Louis’nin bir hiperaktivite sorunu olduğu ileri sürüldü. Hatta Buckingham’ın balkonunda uçakların gösterisi sırasında sesten rahatsız olduğu için kulaklarını tıkayıp bağırmasından yola çıkarak otistik olabileceği bile ileri sürüldü. Bu ortada onun yalnızca “evin en küçük şımarık çocuğu” olduğunu savunanlar da oldu.

TİPİK BİR ÜÇÜNCÜ ÇOCUK VAKASI
İşte minik prensin kimseyi hatta mensubu olduğu ailenin kurallarını bile “takmayan” bu tutumlarına bir uzman yorumu geldi. OK! mecmuasına konuşan psikolog Emma Kenny, kısa mühlet evvel 5 yaşına giren Louis’nin sergilediği tüm davranışların “tipik bir üçüncü çocuk vakası” olduğunu söyledi.

Kenny, ailedeki üçüncü çocukların, tıpkı Louis üzere kendilerine itimatlarını sergilemek için daha fazla fırsat bulduğunu anlattı. Kenny’nin üç kardeşi karşılaştıran değerlendirmesi şöyle: ” George ve Charlotte, yani birinci ve ikinci çocuk, her şeyi kuralına uygun biçimde yaptılar. Üçüncü çocuk olan Louis ise biraz daha fazla kendi karakterini ön plana çıkarmanın güzel olabileceğini fark etmiş durumda.”

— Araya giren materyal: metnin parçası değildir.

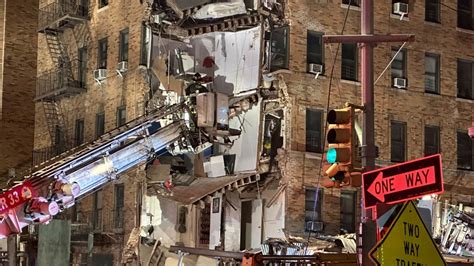 Edificio colapsa en Nueva York, residentes resultaron ilesos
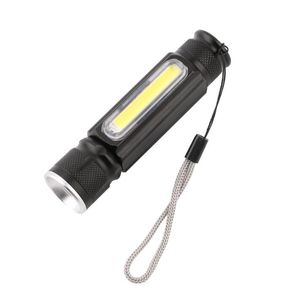 Nueva linterna LED recargable USB multifunción Antorcha reapir Luz de trabajo Camping portátil t6 COB Linternas Antorchas con GANCHO magnético Batería 18650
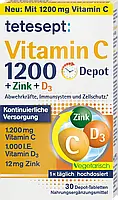 Біологічно активна добавка tetesept Vitamin C1200 + Zink + D3, 30 шт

‘KENDİNE İTİMADI DAHA FAZLA’
Kenny’nin söylediğine nazaran bu üslup çocukların kendine itimadı daha fazladır ve çoklukla daha bahadır kişiliğe sahip olurlar. Onun söylediğine nazaran Louis, bu özelliklerini konserlerde el sallamak ya da annesi ve kardeşlerinin yüzlerine müdahale etmek suretiyle yapıyor.

Psikolog Kenny’nin vurguladığı diğer bir detay daha var. Bunu da yapılan kimi araştırmaların sonuçlarına dayanarak tabir etti: ” Üçüncü çocuk, alanını bölmeye ihtilaç duyuyor. Bu yüzden de insanları nasıl yöneteceği ya da istediğini nasıl elde edeceğini büyük kardeşlerinden daha güzel biliyor.